Et il n’est pas le seul. Des manifestants retenus plusieurs heures au commissariat, puis relâchés sans aucune poursuite: avec les rassemblements spontanés contre le 49.3, avocats, magistrats et politiques dénoncent des gardes à vue «arbitraires », y voyant, comme lors d’autres mobilisations ces dernières années, une «répression du mouvement social». «Il y a une instrumentalisation du droit pénal par le pouvoir politique, afin de dissuader les manifestants de manifester et d’exercer cette liberté», estiment Me Raphaël Kempf, avocat au barreau de Paris.
«On s’y attendait mais on est déçus, en colère», souligne Emma Maes, une Lilloise de 26 ans, tout en soulignant que «la mobilisation n’est pas finie» et en évoquant l’espoir de la tenue du referendum d’initiative populaire, projet porté par la coalition des partis de gauche NUPES.
Entre l’opposition qui appelle à de nouvelles manifestations dans les prochains jours, et les syndicats qui entendent intensifier les mouvements de grève.
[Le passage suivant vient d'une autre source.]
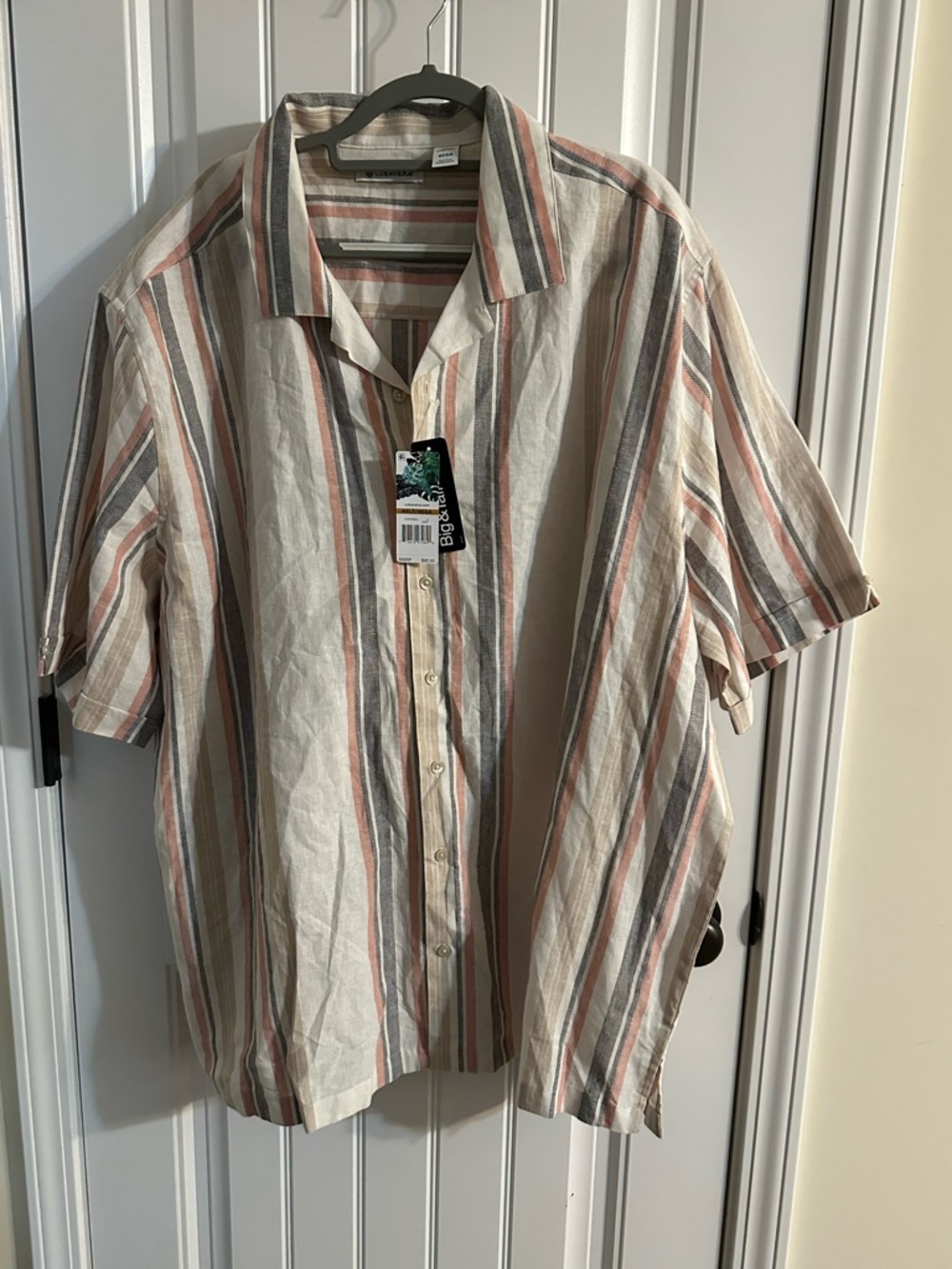 Stylish Cubavera Big and Tall 4XLT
Déjà, en raison de la grève dans les raffineries qui se durcit, de nombreuses stations-service sont à sec, principalement dans le sud-est du pays, pour la première fois depuis le début du conflit. L’affrontement ne fait que commencer entre les opposants à la réforme des retraites passée en force et le gouvernement. Considérablement affaiblis, le président français et son gouvernement sont confrontés à une crise sociale et politique majeure.